2023 Chile TST Ibero., 2

Tags: TST , Chile , algebra

Consider a function $ n \mapsto f(n) $ that satisfies the following conditions: $ f(n) $ is an integer for each $ n $. $ f(0) = 1 $. $ f(n+1) > f(n) + f(n-1) + \cdots + f(0) $ for each $ n = 0, 1, 2, \dots $. Determine the smallest possible value of $ f(2023) $.

2024 Chile National Olympiad., 1

Tags: Chile , algebra , Funcion , function

Let $ f(x) = \frac{100^x}{100^x + 10} $. Determine the value of: \[ f\left( \frac{1}{2024} \right) - f\left( \frac{2}{2024} \right) + f\left( \frac{3}{2024} \right) - f\left( \frac{4}{2024} \right) + \ldots - f\left( \frac{2022}{2024} \right) + f\left( \frac{2023}{2024} \right) \]

2023 Chile TST IMO, 5

Tags: geometry , TST , Chile

Let $ \triangle ABC $ be an acute-angled triangle. Let $ D $ and $ E $ be the feet of the altitudes from $ B $ and $ C $, respectively. Let $ E' $ be the reflection of point $ E $ with respect to line $ BD $, which is assumed to lie on the circumcircle of triangle $ \triangle ABC $. Let $ C' $ be the reflection of point $ C $ with respect to line $ BD $. Prove that triangle $ C'AE $ is isosceles and determine the ratio $ AD : DC $.

TNO 2024 Senior, 1

Tags: combinatorics , Chile

Sofía has many boxes where she keeps candies. Every morning, she chooses two of these boxes and places one candy in each.

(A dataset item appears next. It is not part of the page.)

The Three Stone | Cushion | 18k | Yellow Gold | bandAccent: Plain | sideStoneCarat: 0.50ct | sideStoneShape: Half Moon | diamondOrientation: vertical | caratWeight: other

However, each night, a thief selects one box and steals all the candies inside it. Sofía dreams of waking up one day and finding a box with 2024 candies. Prove that Sofía can always fulfill her dream if she has enough boxes.

2024 Chile TST IMO, 1

Tags: TST , Chile , combinatorics

Consider a set of $ n \geq 3 $ points in the plane where no three are collinear. Prove that the points can be labeled as $ P_1, P_2, \dots, P_n $ so that the angles $ \angle P_i P_{i+1} P_{i+2} $ are less than $ 90^\circ $ for all $ i $.

2023 Chile TST Ibero., 3

Tags: TST , Chile , number theory

Determine the smallest positive integer $ n $ with the following property: for every triple of positive integers $ x, y, z $, with $ x $ dividing $ y^3 $, $ y $ dividing $ z^3 $, and $ z $ dividing $ x^3 $, it also holds that $ (xyz) $ divides $ (x + y + z)^n $.

2024 Chile TST IMO, 2

Tags: number theory , Chile , TST

Find all natural numbers that have a multiple consisting only of the digit 9.

TNO 2024 Junior, 2

Tags: geometry , Chile

Prove that the area enclosed by three semicircles, tangent at their ends, is equal to the area of the circle whose diameter is $CD$, perpendicular to the diameter $AB$.

TNO 2024 Junior, 6

Tags: number theory , combinatorics , Chile

A box contains 900 cards numbered from 100 to 999. Cards are drawn randomly, one at a time, without replacement, and the sum of their digits is recorded. What is the minimum number of cards that must be drawn to guarantee that at least three of these sums are the same?